Таким образом, в программной заметке «Различие между Бальзаком и мною» намечена проходящая сквозь все творчество Золя линия, подчеркивающая преемственность натурализма, являющегося «формулой целого века», с прошлым французской литературы. В этом проявляется глубокая проницательность Золя, осознающего необходимость двигаться по пути, проложенному Бальзаком, и, с другой стороны, его ограниченность, боязнь обобщений свидетельствовала о том, что философское богатство творчества Бальзака становилось уже недосягаемой для французской литературы высотой.

Наделавшая так много шума теория экспериментального романа возникла гораздо позже. В семидесятых годах в «Вестнике Европы» была опубликована серия статей, впоследствии вошедших в книгу «Экспериментальный роман». Эта книга построена на сближении теоретических выводов французского естествоиспытателя Клода Бернара, с работами которого Золя незадолго до этого познакомился, и проблем современной эстетики.
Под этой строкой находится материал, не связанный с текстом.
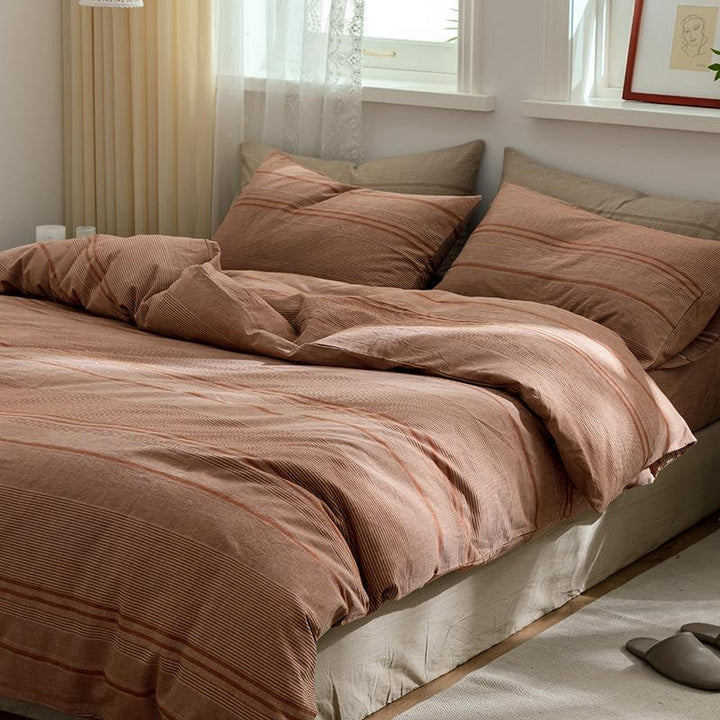 Linen bedding set with button closure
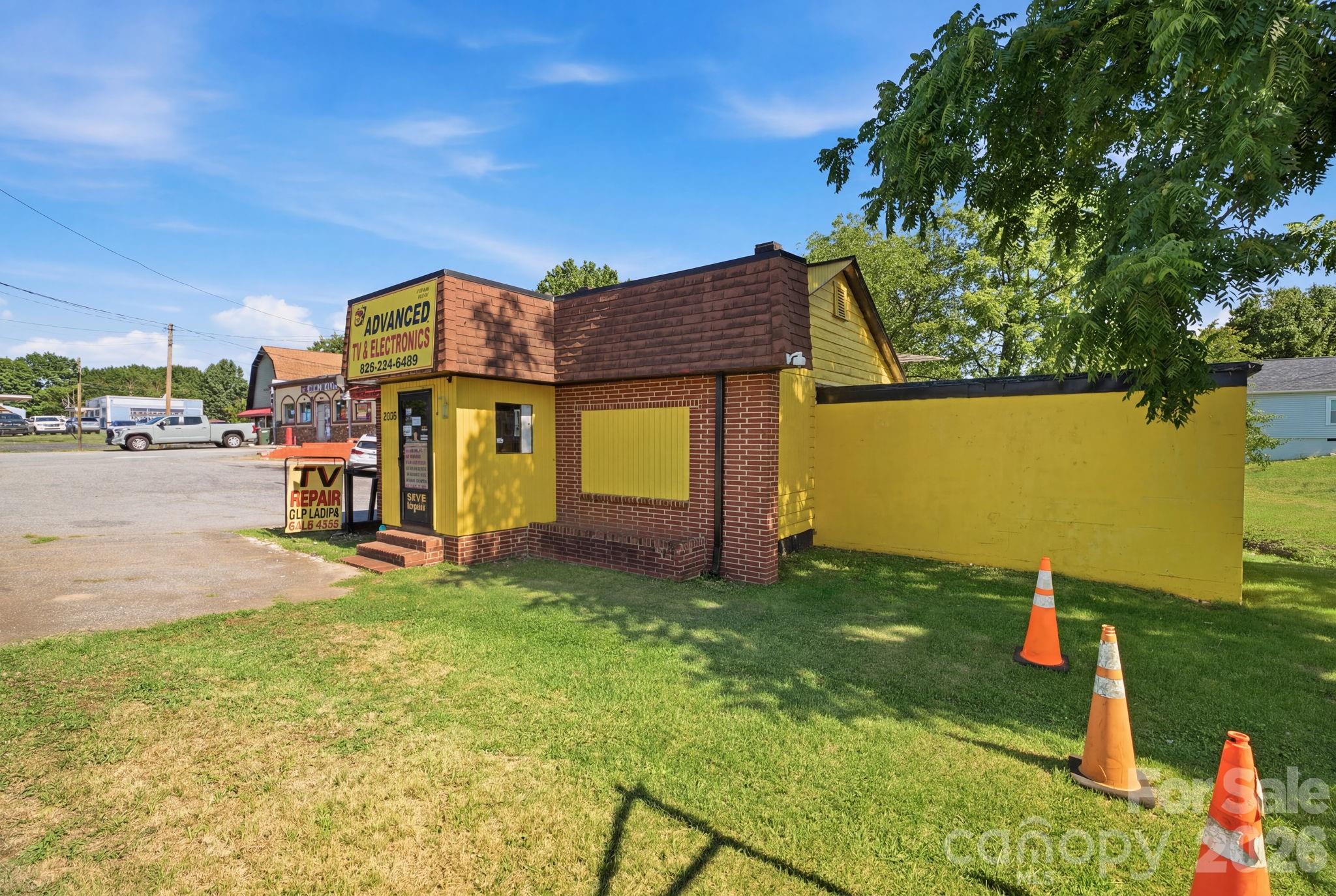 main property photo 3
Здесь мы находим в развернутом изложении основные мысли подготовительных работ к «Ругон-Маккарам». Золя выступает против «идеалистов», под которыми он подразумевает противников реалистического направления и которых он считает неспособными показать правду действительности, за «натуралистов», которые ставят своей целью быть беспощадно правдивыми.
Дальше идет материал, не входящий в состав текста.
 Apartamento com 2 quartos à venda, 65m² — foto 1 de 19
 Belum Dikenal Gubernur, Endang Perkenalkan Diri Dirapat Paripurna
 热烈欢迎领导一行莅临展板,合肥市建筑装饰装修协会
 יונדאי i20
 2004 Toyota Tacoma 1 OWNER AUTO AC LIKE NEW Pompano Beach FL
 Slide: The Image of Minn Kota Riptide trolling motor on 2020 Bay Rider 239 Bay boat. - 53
Пафос научности, которым проникнута эстетическая теория Золя, имеет свои сильные и слабые стороны: стремление подойти к действительности во всеоружии данных современного естествознания было прогрессивным, многообещающим решением, но закономерности, переносимые из области естественных наук в область общественных явлений, утрачивали всю свою научность. Рассуждая о том, что экспериментальный метод позволяет писателю с небывалой глубиной проникнуть в недра действительности, Золя на деле приходит к своей концепции «физиологического человека», над которым навис рок все предопределяющей наследственности. Таким путем Золя шел к той самой ущербности в понимании человека, которая мешала натуралистам проникать в глубины действительности и многие их произведения, особенно произведения второстепенных натуралистов, превратила в очень специфические исследования на тему о «человеке-звере».
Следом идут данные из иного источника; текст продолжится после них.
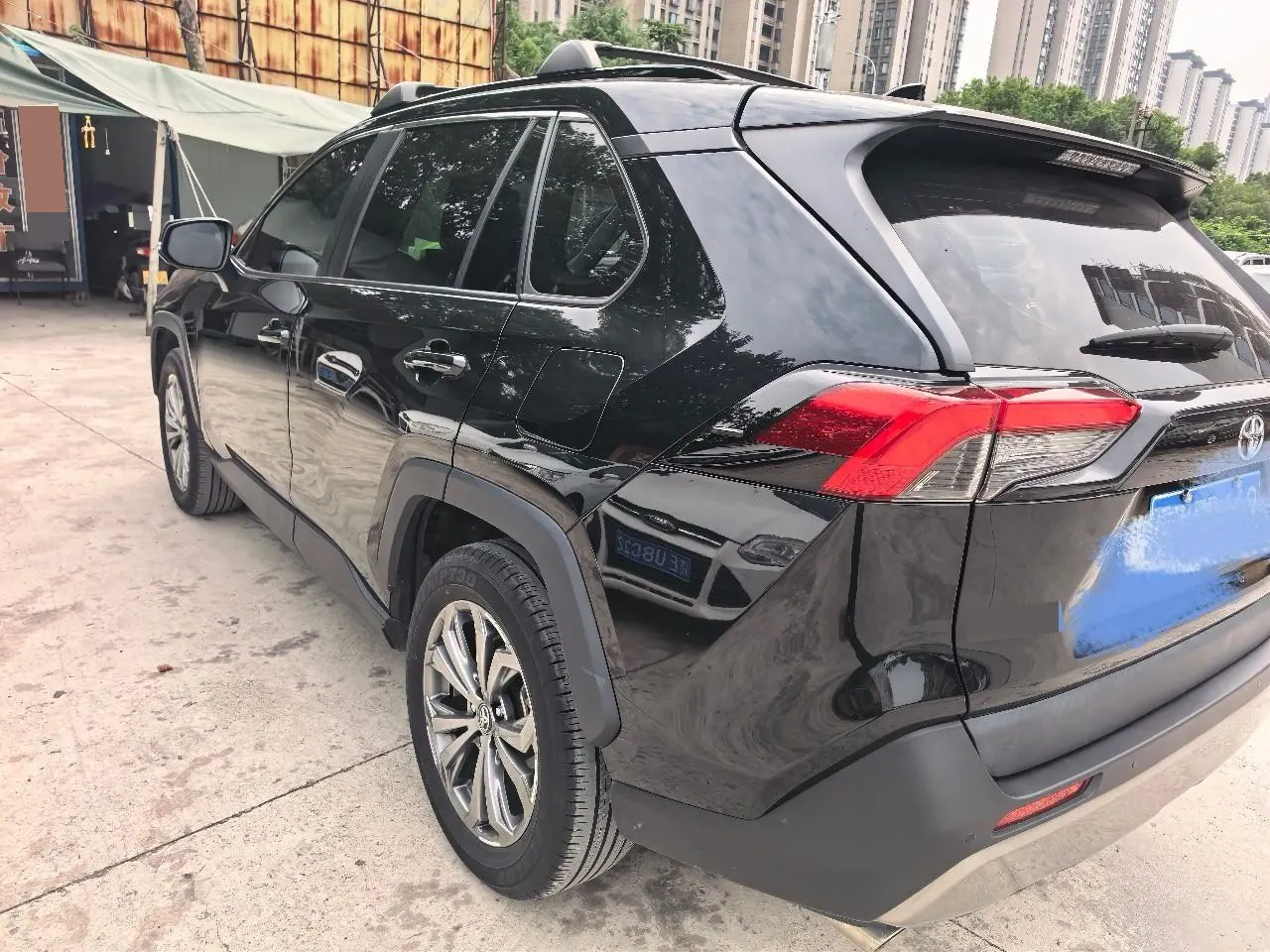 Toyota 2023 RAV4 Rongbo 2.0 Stepless Two-Drive Fashion Plus Edition Automatic Gear 6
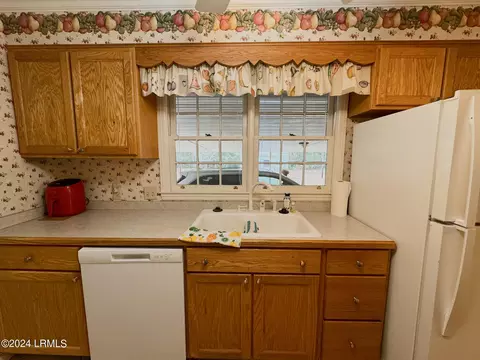 104 Mcdill Ln, Hampton, SC 29924 photo 9
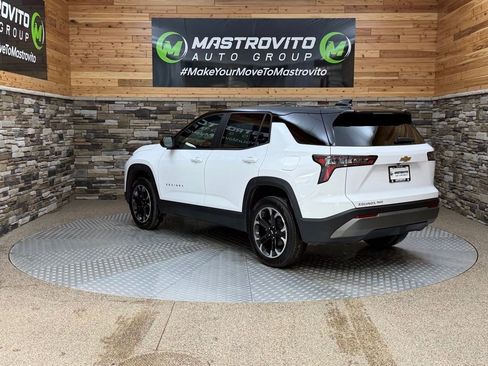 Used 2025 Chevrolet Equinox LT AWD/4WD image 7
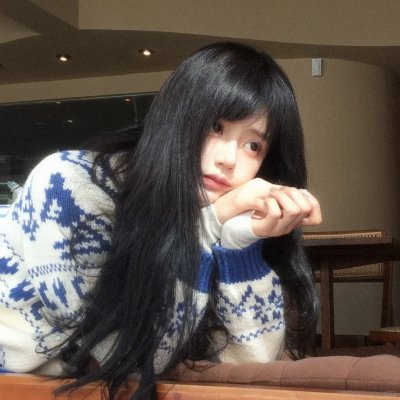 镜中的女孩 封面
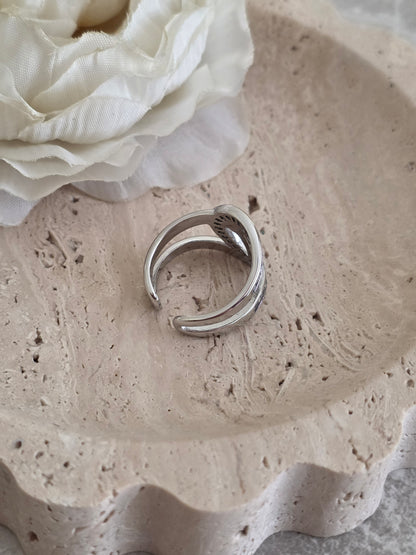 AZRA RING SILVER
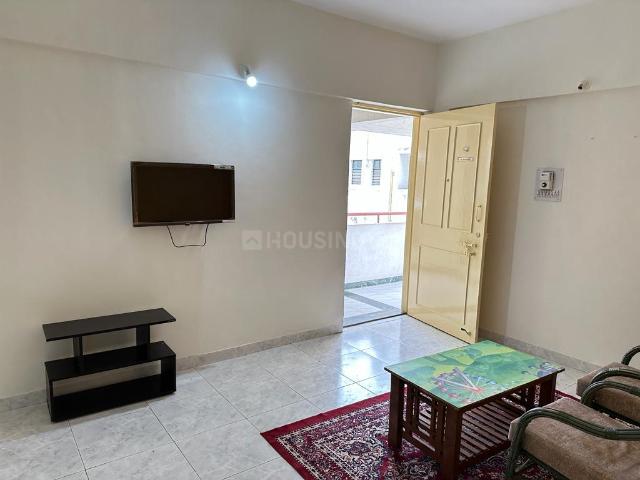 2 BHK Apartment in Magarpatta City for rent Pune. The reference number is 19458073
Здесь Золя очень близко соприкасался с позитивистскими взглядами Тэна, с которым он впоследствии резко разошелся, увидев, что Тэн был обозленным и последовательным сторонником реакции.

Одним из основных положений «экспериментальной» эстетической теории является вывод, что «социальный круговорот равнозначен биологическому» Это позитивистское положение, взятое у Огюста Конта и не содержащее в себе ни капли научности, весьма привлекало автора «Экспериментального романа», казалось ему делающим эпоху открытием.

В свете подобной антинаучной концепции натуралисты, конечно, не могли достигнуть той цели — пойти дальше Бальзака, — которую Золя ставил перед французской литературой.